*** Opening SOURCE DATA ***

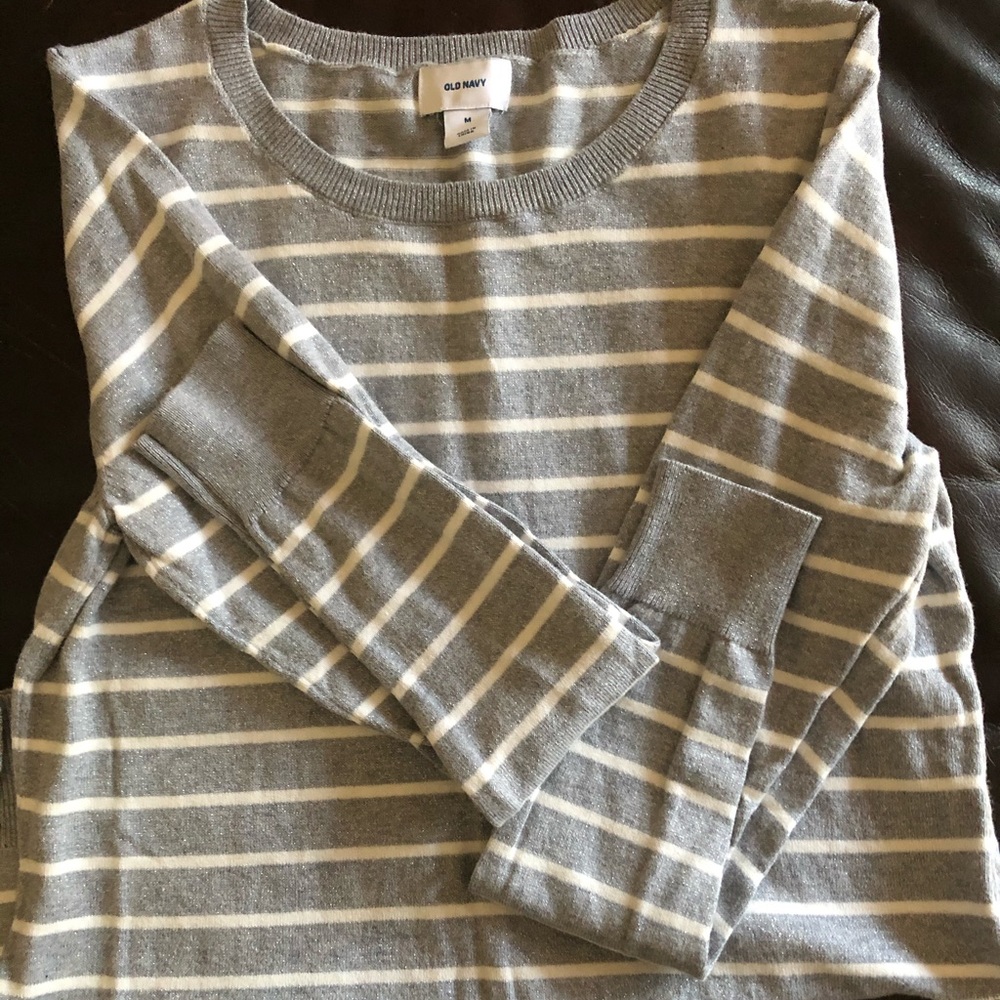 Old navy sweater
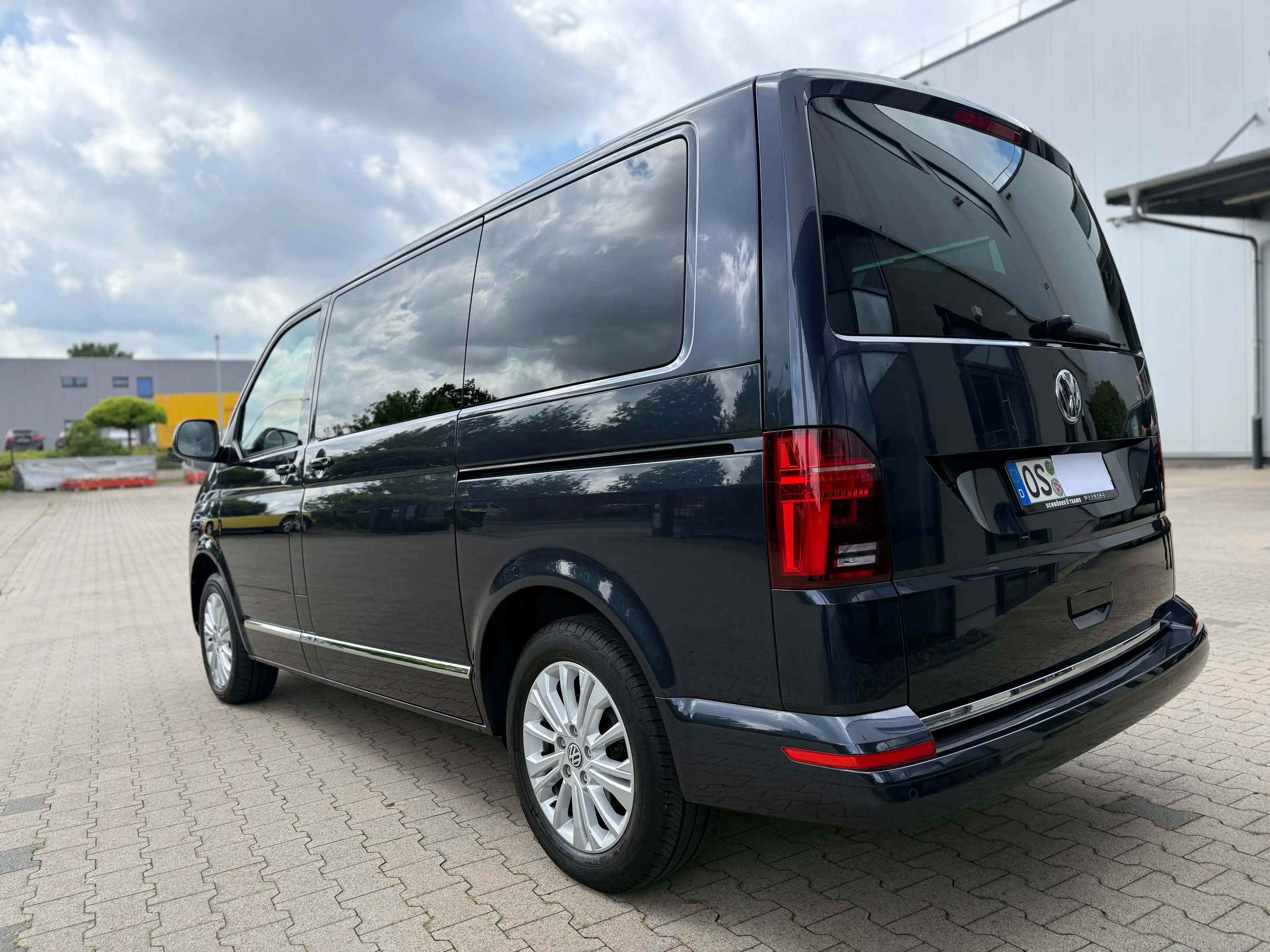 Volkswagen T6.1 Multivan Multivan Generation Six 4MOTION Alcantara 2Schiebe — photo 6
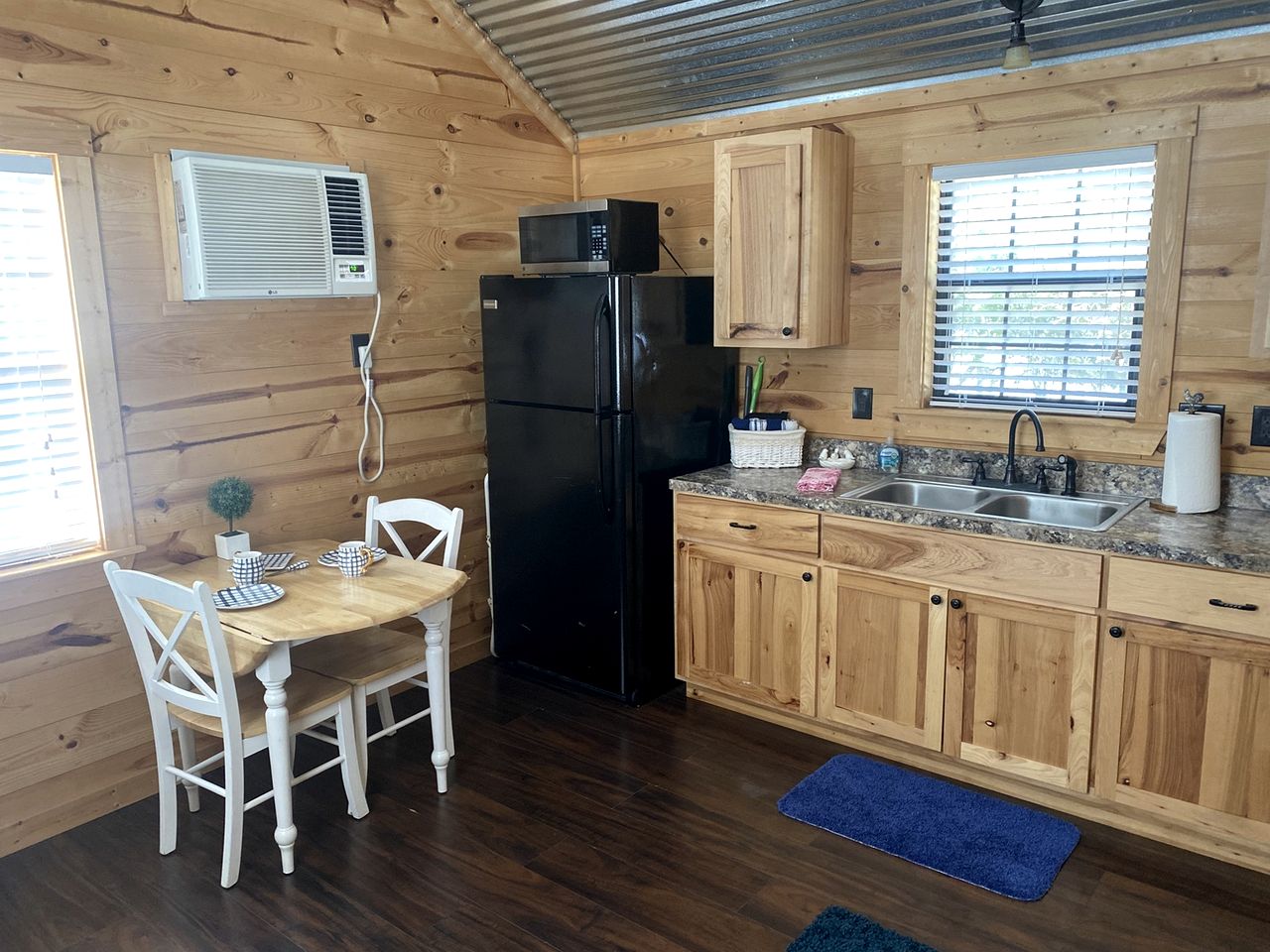 Rustic Dog-Friendly Cabin with Private Deck and Hot-Tub in Texas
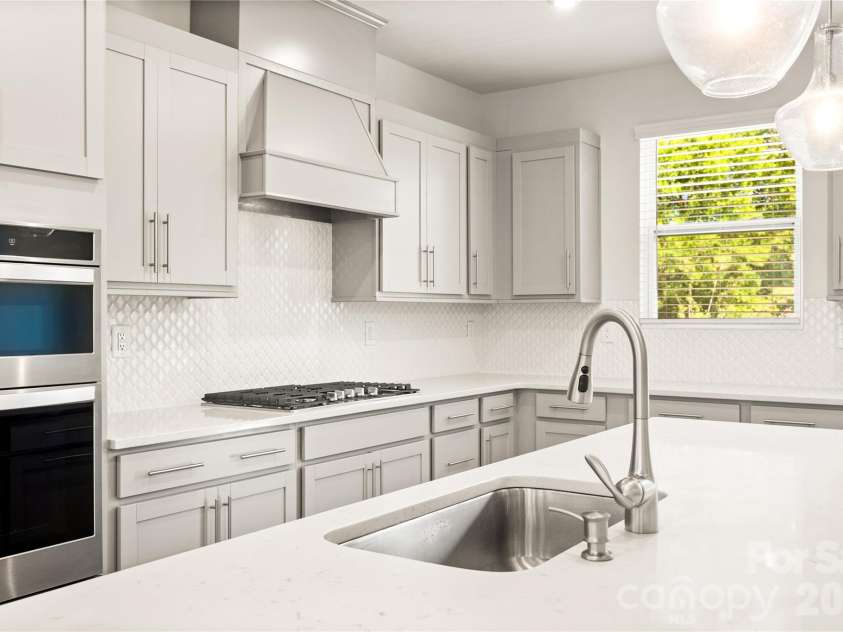 1658 Unison Drive, Charlotte, NC 28262.  MLS# CAR4374592, YatesRealty ID 17185. 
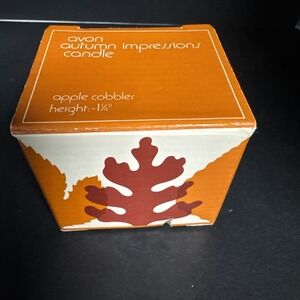 Vintage Avon AUTUMN IMPRESSIONS Candle.  Maple Walnut New in Box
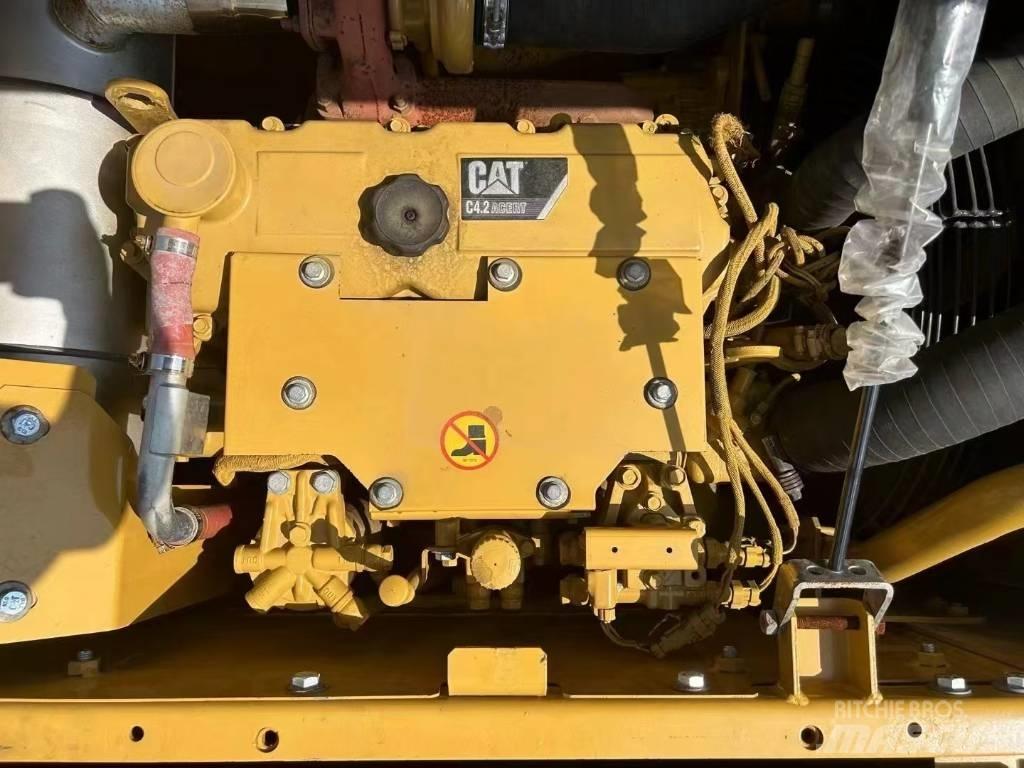 CAT 312 DGC Pásové rýpadlá
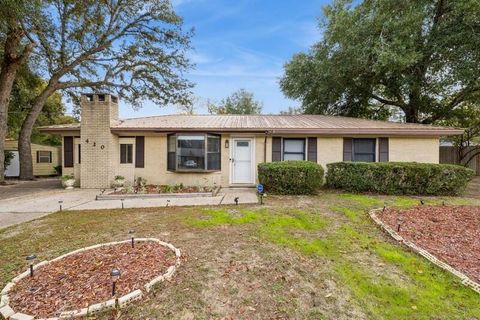 A home in Niceville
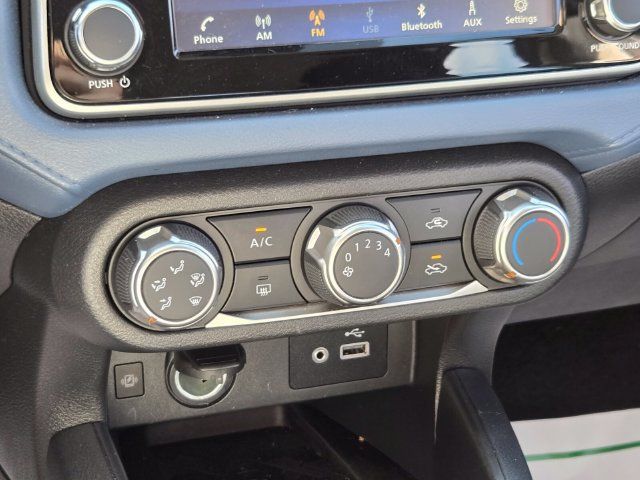 Used 2025 Nissan Versa SV FWD image 27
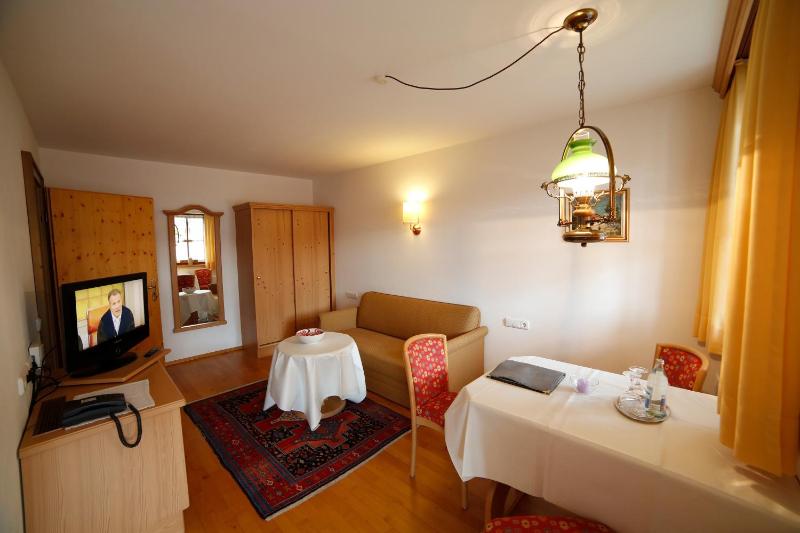 Apartment image 4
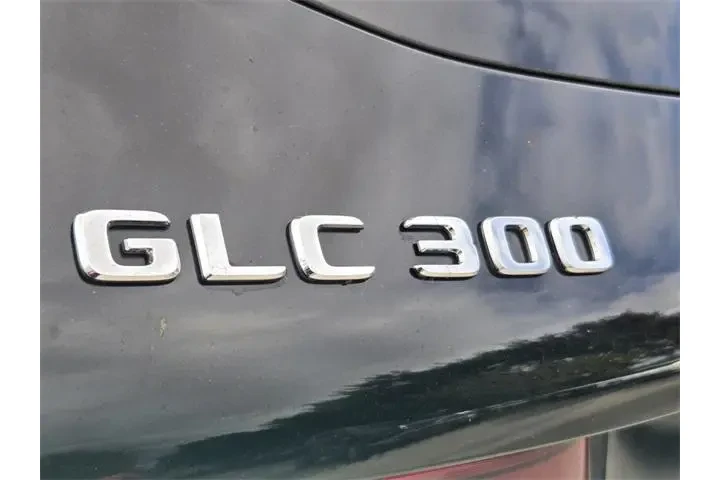 $31290 : Mercedes-Benz GLC 2022 AWD G image 7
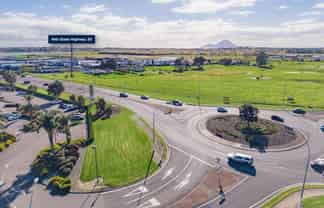 High-exposure industrial landholding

*** Closing SOURCE DATA ***

_WORK TASK_: Only the lines from the one containing "Volkswagen T6.1 Multivan" through the last line of the data may appear in the answer, each given again exactly and with pictures left out.

_TASK RESULT_:
 Volkswagen T6.1 Multivan Multivan Generation Six 4MOTION Alcantara 2Schiebe — photo 6
 Rustic Dog-Friendly Cabin with Private Deck and Hot-Tub in Texas
 1658 Unison Drive, Charlotte, NC 28262.  MLS# CAR4374592, YatesRealty ID 17185. 
 Vintage Avon AUTUMN IMPRESSIONS Candle.  Maple Walnut New in Box
 CAT 312 DGC Pásové rýpadlá
 A home in Niceville
 Used 2025 Nissan Versa SV FWD image 27
 Apartment image 4
 $31290 : Mercedes-Benz GLC 2022 AWD G image 7
 High-exposure industrial landholding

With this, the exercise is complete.